## [Data excerpt]
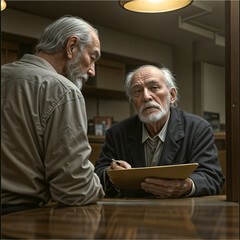 elderly men pensioners or retirees in the bank performing banking actions.​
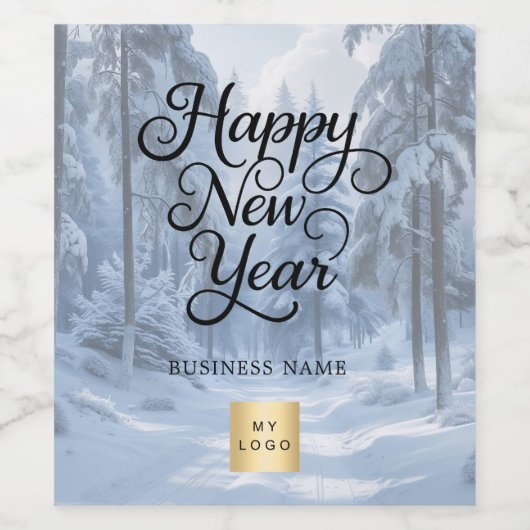 Nieuwjaar winter wonderland business logo wijn etiket (Enkel label)
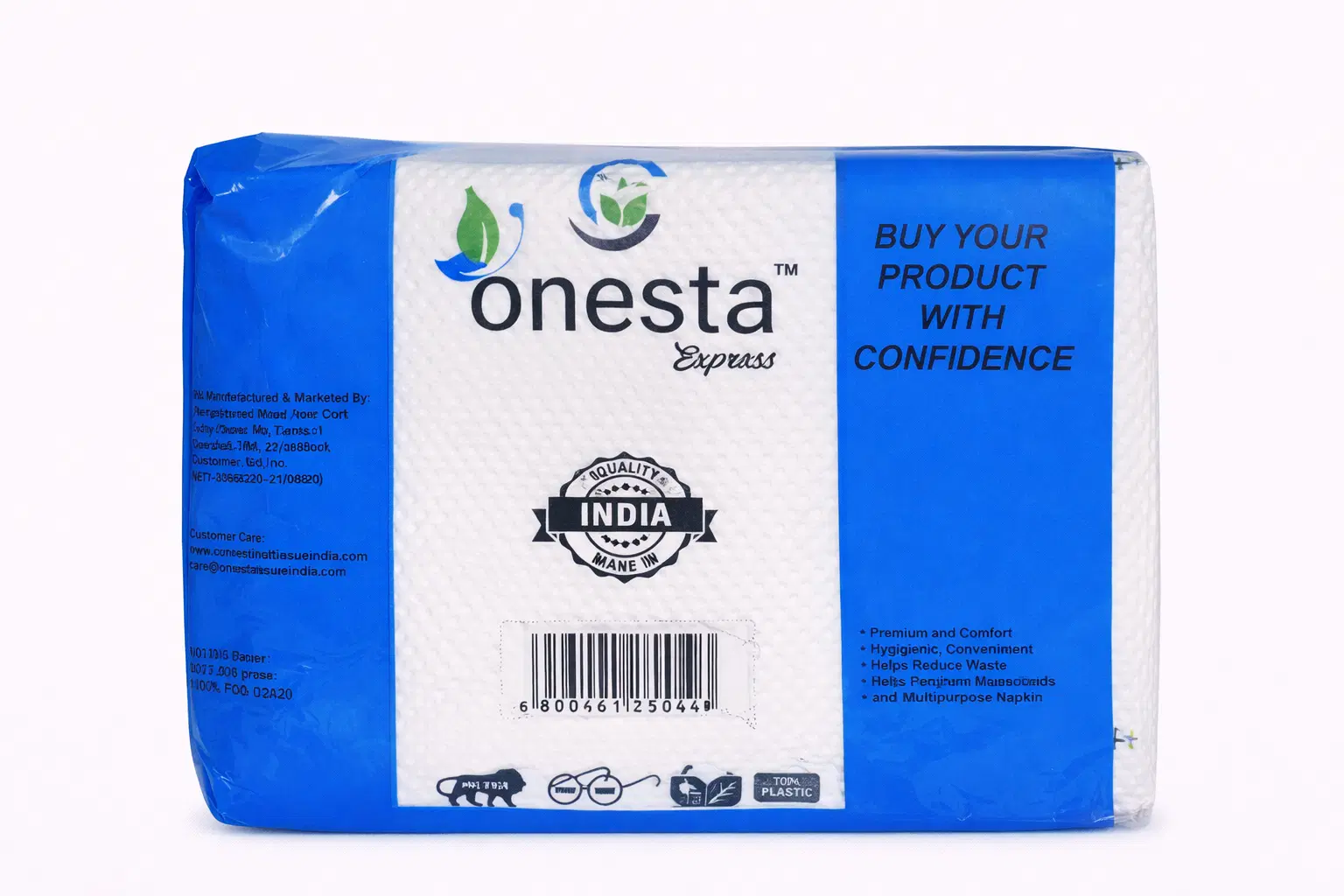 Onesta Express Premium Paper Napkins | Soft & Absorbent Multipurpose Tissue Pack | Pack of 80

## [Goal of the exercise]
Pictures stay out. Everything else in the listing gets printed exactly.

## [Your solution]
 elderly men pensioners or retirees in the bank performing banking actions.​
 Nieuwjaar winter wonderland business logo wijn etiket (Enkel label)
 Onesta Express Premium Paper Napkins | Soft & Absorbent Multipurpose Tissue Pack | Pack of 80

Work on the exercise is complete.